Caminando

Epifanías de ultramar

Para qué buscar dentro lo que podemos encontrar fuera a cambio del dudoso prestigio que otorga ir por selvas ignotas

No voy a poner en duda lo enriquecedor que ha de ser dar la vuelta al mundo parándose en cada rincón comadreando con los lugareños, ni el valor de las experiencias acumuladas en el trascurso de viajes y encuentros con personas de culturas del todo ajenas a las inmediatas conocidas. Tampoco voy a entrar en apreciaciones de corte pragmático y logístico, como, por ejemplo, si para ganar mundología hay, como poco, dos claves de raíz más allá del mero ímpetu aventurero, a saber, tiempo y dinero. Diría quizá que también, como es habitual en todo, se le hace más fácil a uno que a una.

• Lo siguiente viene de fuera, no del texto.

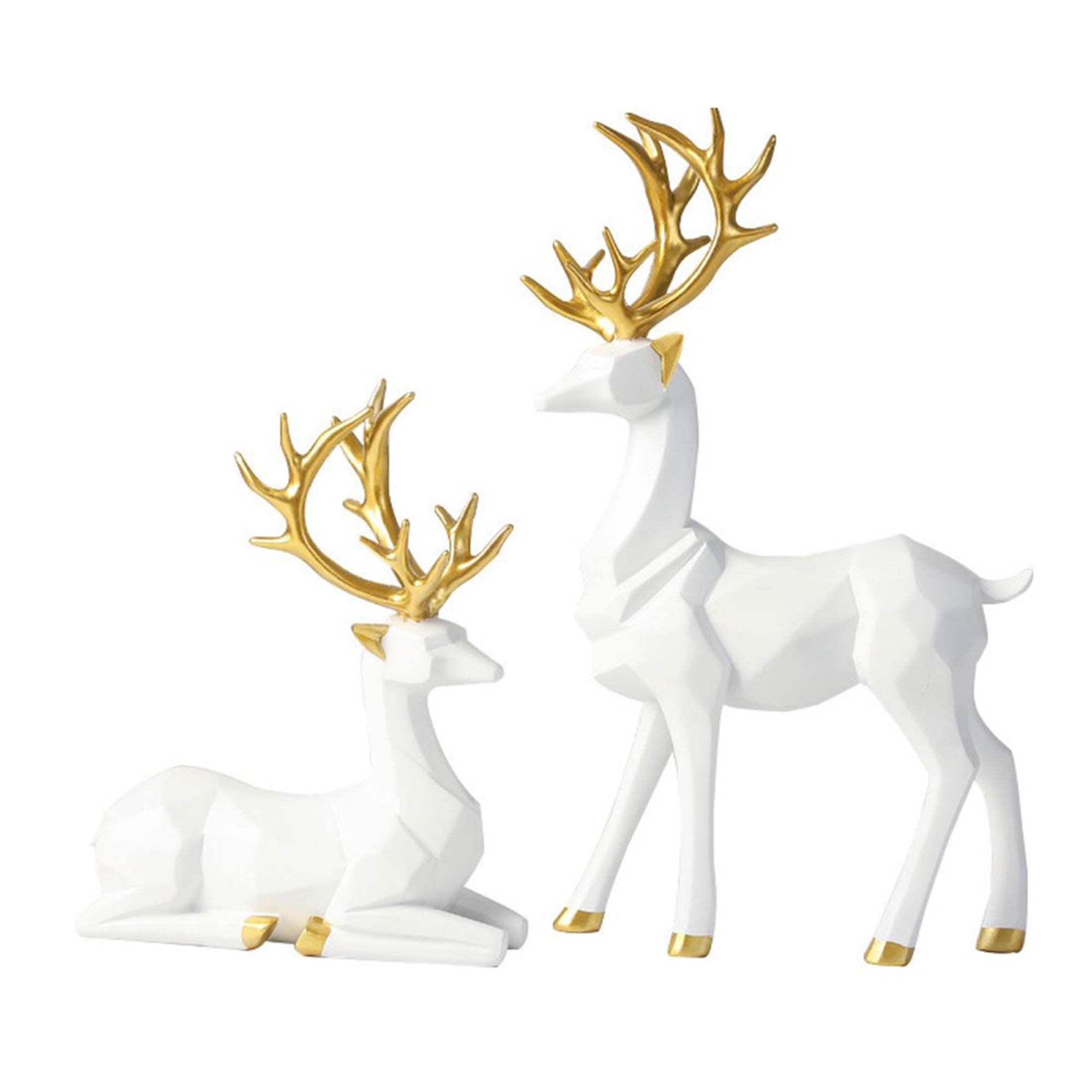 Animal Head Wall Sculptures Art Decor Flocking Resin Deer With Gold Antlers For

No seamos tan falsos ni tan embusteros como para negar que ante una acción violenta o desagradable perpetrada sobre chicas viajeras la composición mental del imaginario colectivo responde con un casi inmediato "cómo se les ocurre ir solas". Todavía son demasiados los países, por muy idílicos que aparezcan en postales turísticas, donde las mujeres no son ni siquiera consideradas. Pero, como decía, no son estas las premisas de mi reflexión de hoy. Sí lo es asomarme a escaparates virtuales donde buscadores de iluminación comparten sus vidas, sus reflexiones y sus revelaciones llegadas desde tierras recónditas pobladas por sabios cuyas enseñanzas, y esto es lo más llamativo, difieren en poco o en nada de las que se puedan hallar sin apenas moverte de tu barrio. Pero, claro, para eso habría que querer abrir los ojos aquí con el mismo entusiasmo con el que se les abre allende los mares. Para qué buscar dentro lo que podemos encontrar fuera a cambio del dudoso prestigio que otorga andorrear por selvas ignotas. Para qué escuchar a tu vecino pudiendo prestar la oreja a nativos de tribus remotas y sermonear a todo oyente con discursos tan obvios como la blancura del caballo de Santiago. Que cada cual busque sus epifanías donde mejor le parezca, pero ensalzar conductas a miles de kilómetros sólo porque no nos da la gana mirar lo que hay cerca es tan injusto como estúpido, por no decir pedante, y hay tanta pose, tanta moda y tantas ganas ser investido simpatizante de espiritualidades milenarias que a poco que se amplíe el ángulo de la foto puede verse el óxido, la falta de brillo e incluso a veces hasta la ruindad escondidos tras tanta sonrisa serena y tanto ceño circunspecto. Después de todo, ir al fin del mundo en busca de luz y sabiduría para al final darte cuenta de que no hacía falta irse tan lejos.